Verse 17 – I hear some jealousy in what Eli said to Samuel. Eli knew his days of hearing God were over.
Verse 19 – Some versions of the Bible have rearranged this verse to say “and Samuel grew up.” That makes you think physically only. I like another version that says, “So Samuel grew, and the Lord was with Him…” I take this to mean; yes, Samuel grew older but more important, Samuel grew in his knowledge of the Lord and intently drank in every word spoken to him from the Lord All Mighty.
Verse 21 – It was no small thing to have the Lord’s presence with His people again. The people of Israel knew that Samuel was God’s anointed one to speak for God to the Israelites.

1 Samuel – Chapter 2

Hannah’s Prophetic Prayer
Verses 1-10 – Hannah praised God for His answer to her prayer for a son. The theme of her poetic prayer is her confidence in God’s sovereignty and her thankfulness for everything He had done. By praising God for all good gifts, we acknowledge His ultimate control over all the affairs of life.
Verse 2 – In our fast-passed world, it’s difficult to find a solid foundation that will not change. The possessions that we work so hard to obtain will all pass away. However, God is always present. He is faithful and He will never fail.

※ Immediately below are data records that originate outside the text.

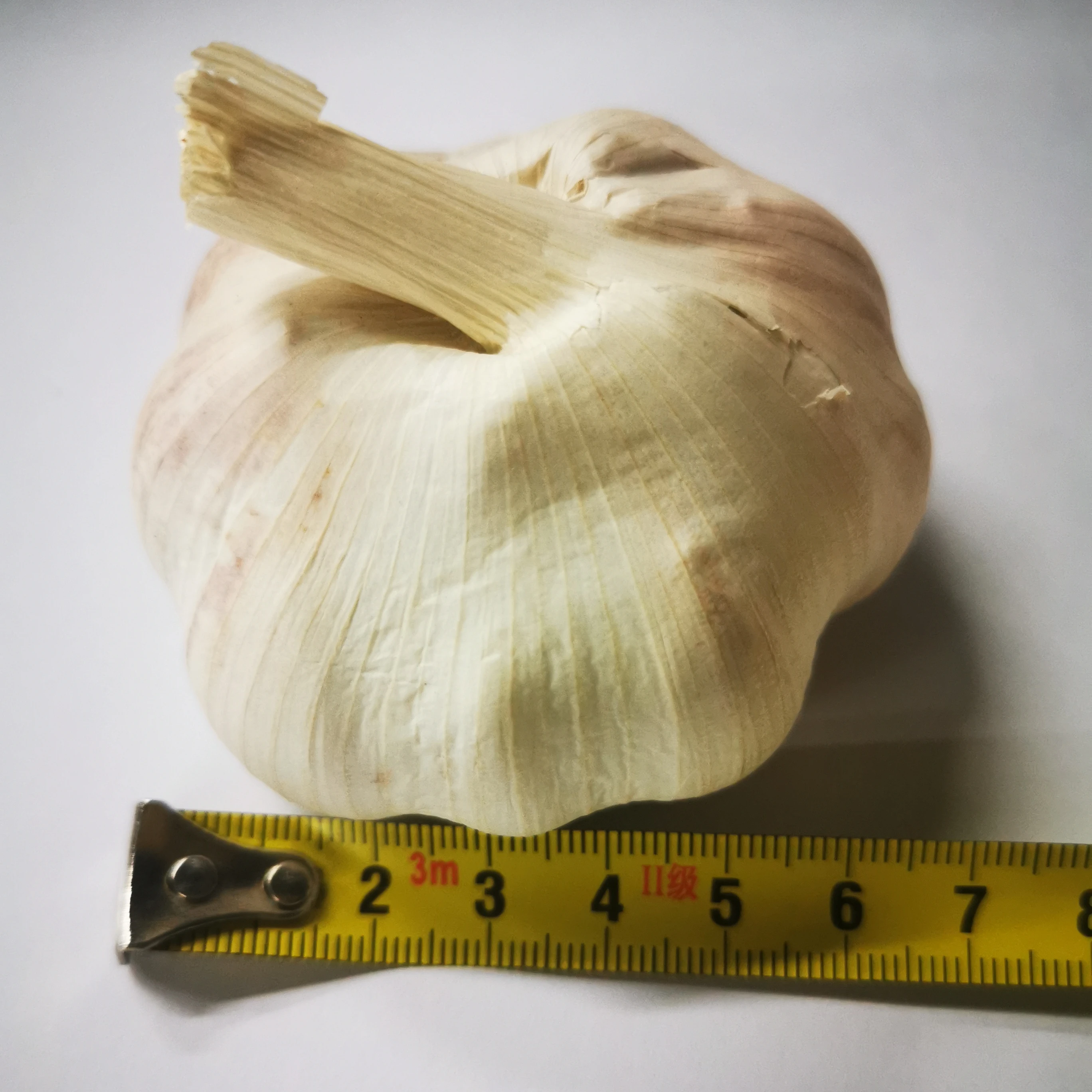 Китай/китайский свежий чеснок оптом, Обычный белый для оптовой продажи, 2021 новый урожай, свежий чеснок, экспортеры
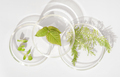 wild herbs in petri dish as natural medicine ingredient, using forest plants - PhotoDune Item for Sale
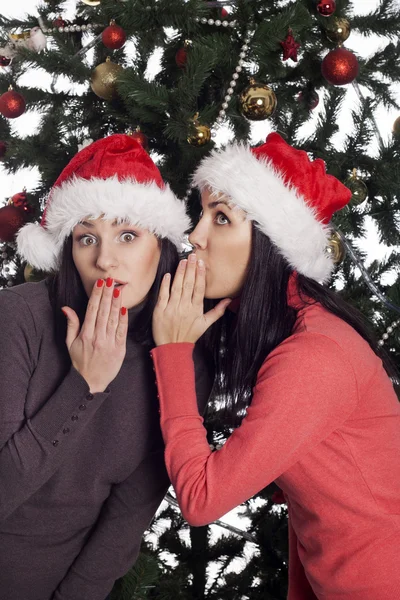Zwei Frauen in der Nähe von Weihnachtsbaum-Klatsch — Stockfoto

Verse 3 – No doubt, as Hannah said these words, she was thinking of Peninnah’s arrogance and chiding. Hannah did not have to get even with Peninnah. She knew God is all-knowing, and that He will judge all sin and pride. We must resist to take justice into our own hands. God will weigh the deeds and wrongs that have been done to us.
Verse 10 – Remembering God’s sovereign control helps us put both world and personal events in perspective.
Verse 11 – Samuel was Eli’s helper and assistant. In this role, Samuel’s responsibilities would have included opening the tabernacle doors each morning (3:15), cleaning the furniture, and sweeping the floors. As he grew, Samuel would have assisted Eli in offering sacrifices. By him wearing an ephod, it shows he was a priest in training. Because Samuel was Eli’s helper, he was God’s helper too. When we serve others-even in carrying out ordinary task we are serving God.
Sinfulness of Eli’s Sons
Verse 12 – The law stipulated that the needs of the Levites were to be met through the people’s tithes. Eli’s sons were priest and they were to be taken care of in this way. However, Eli’s sons took advantage of their position. Their contempt and arrogance toward both people and worship undermined the integrity of the whole priesthood. Eli knew his sons were evil, but did little to correct or stop them. As high priest, Eli should have executed his sons (Numbers 15:30, 31). There will be times in our lives when it becomes necessary to confront serious problems, even when the consequences are painful (but under grace and love, not the Law of Moses).
Verses 13-17 – What were Eli’s sons doing wrong? They were taking part of the sacrifices before they were offered to God on the altar. They were also eating the meat before the fat was burned off. In effect, Eli’s sons were treating God’s offering with contempt. To add to their sins, they were sleeping with the women who served there (2:22).
Verse 21 – God honored the desires of faithful Hannah. Peninnah is never mentioned again. God also gave Hannah five more children, which she didn’t expect. We must never resent God’s timing. His blessings might not be immediate, but they will come in God’s timing and divine plan.
Verse 25 – A person made an offering in order to have their sins forgiven, and Eli’s sons stole the offering and made a sham of the person’s repentant attitude.
Verse 29 – Because Eli would not discipline his rebellious sons, the Lord had to take the necessary disciplinary action. Eli was guilty of honoring his sons above God by letting them continue in their sinful ways.
Verses 31, 35, 36 – For the fulfillment of this prediction see 1 Kings 2:26, 27. This is where Solomon removed Abiathar from his position, thus ending Eli’s line. Then God raised up Zadok, a priest under David and then high priest under Solomon. Zadok’s line was probably still in place as late as the days of Ezra.
Verse 35 – “My anointed one” refers to the King (see 2:10). God was saying that His faithful priest would serve His King forever.